▶
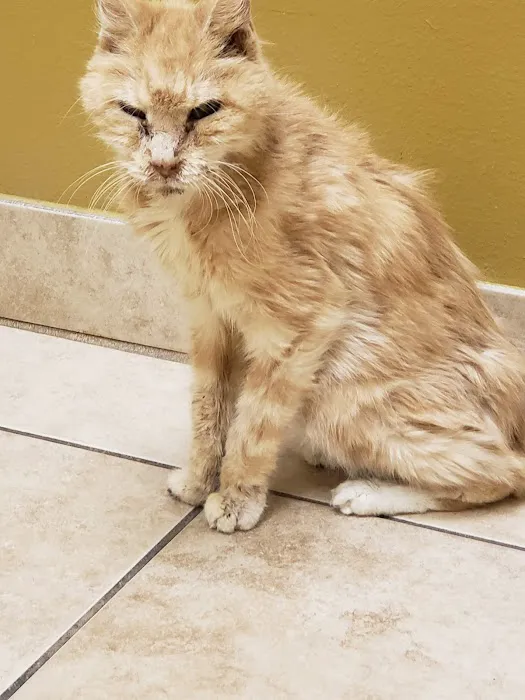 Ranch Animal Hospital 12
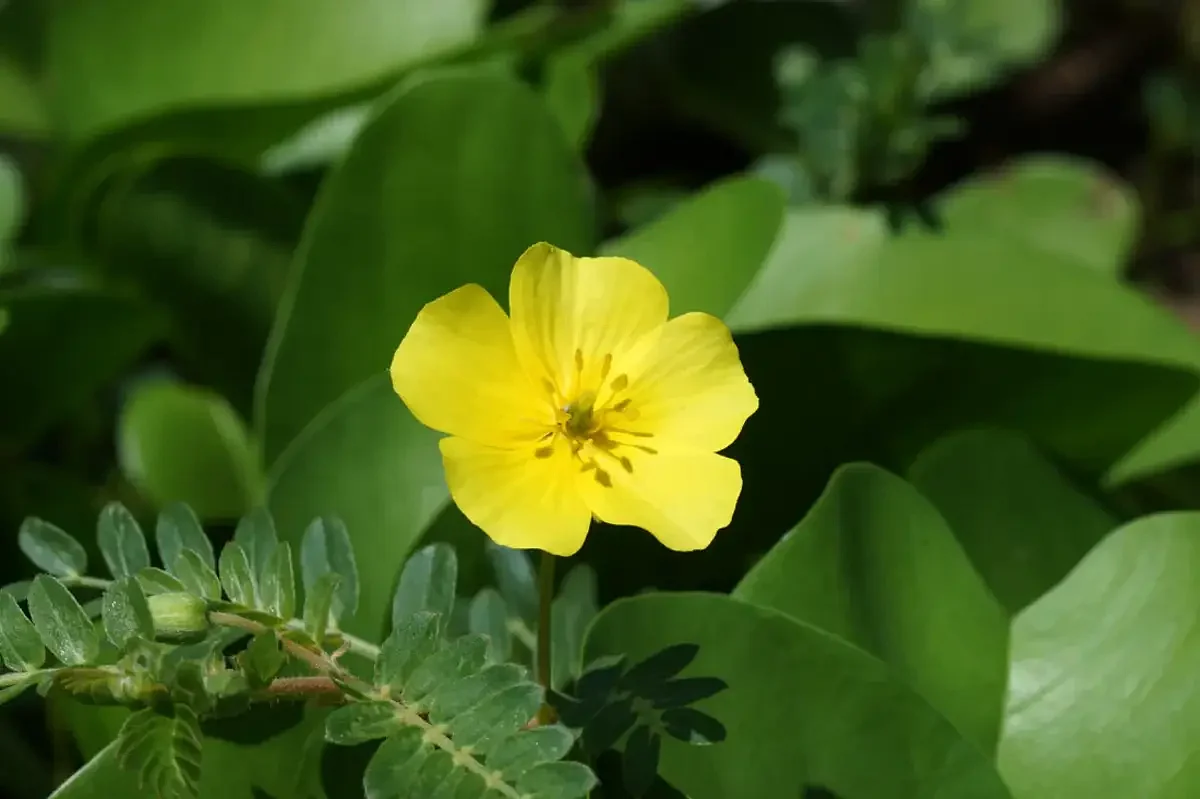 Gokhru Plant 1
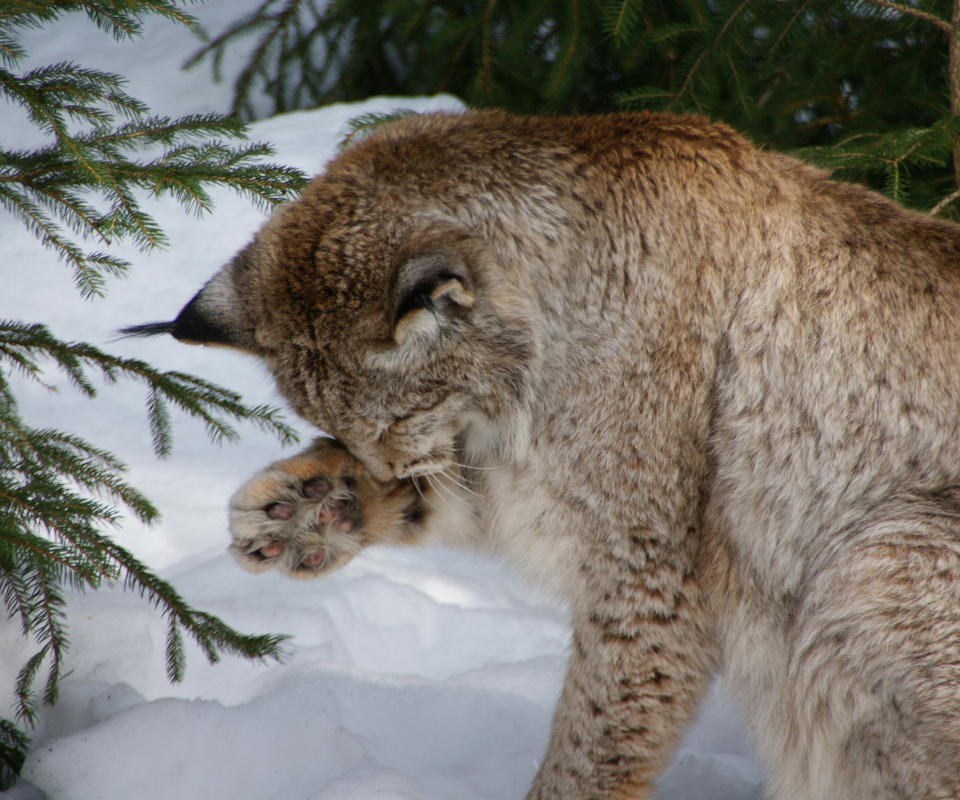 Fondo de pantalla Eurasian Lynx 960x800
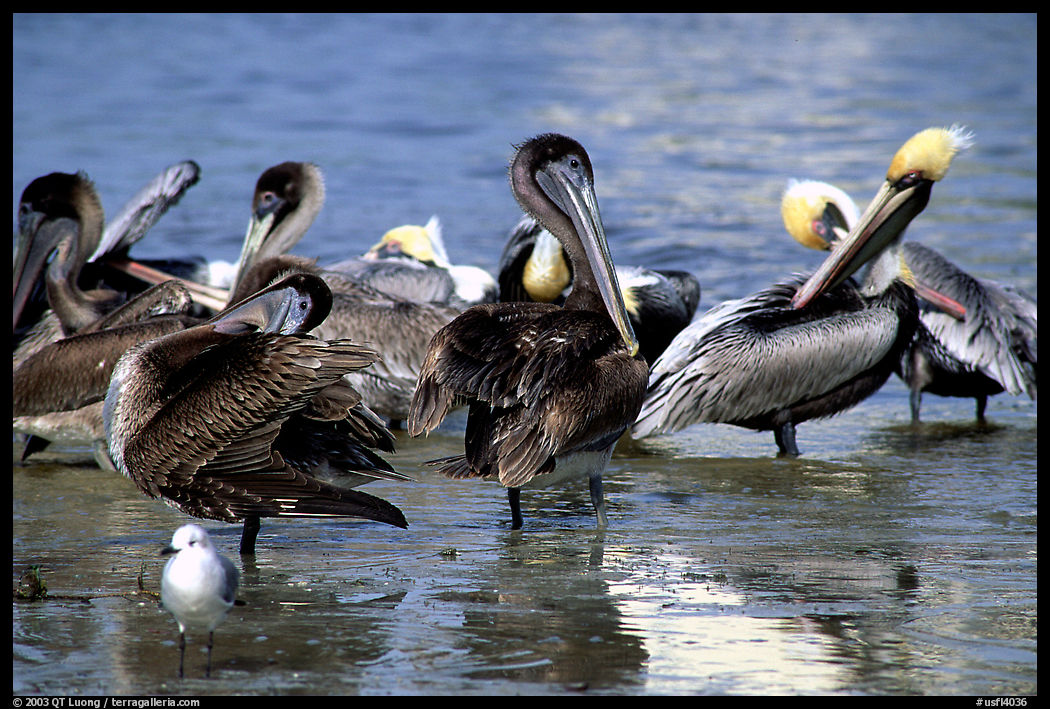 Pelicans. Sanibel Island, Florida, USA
◀
YOUR OBJECTIVE ▸
Please repeat all of the data exactly as it stands, leaving the pictures out.

SOLUTION FOR THIS TASK ▸
 Ranch Animal Hospital 12
 Gokhru Plant 1
 Fondo de pantalla Eurasian Lynx 960x800
 Pelicans. Sanibel Island, Florida, USA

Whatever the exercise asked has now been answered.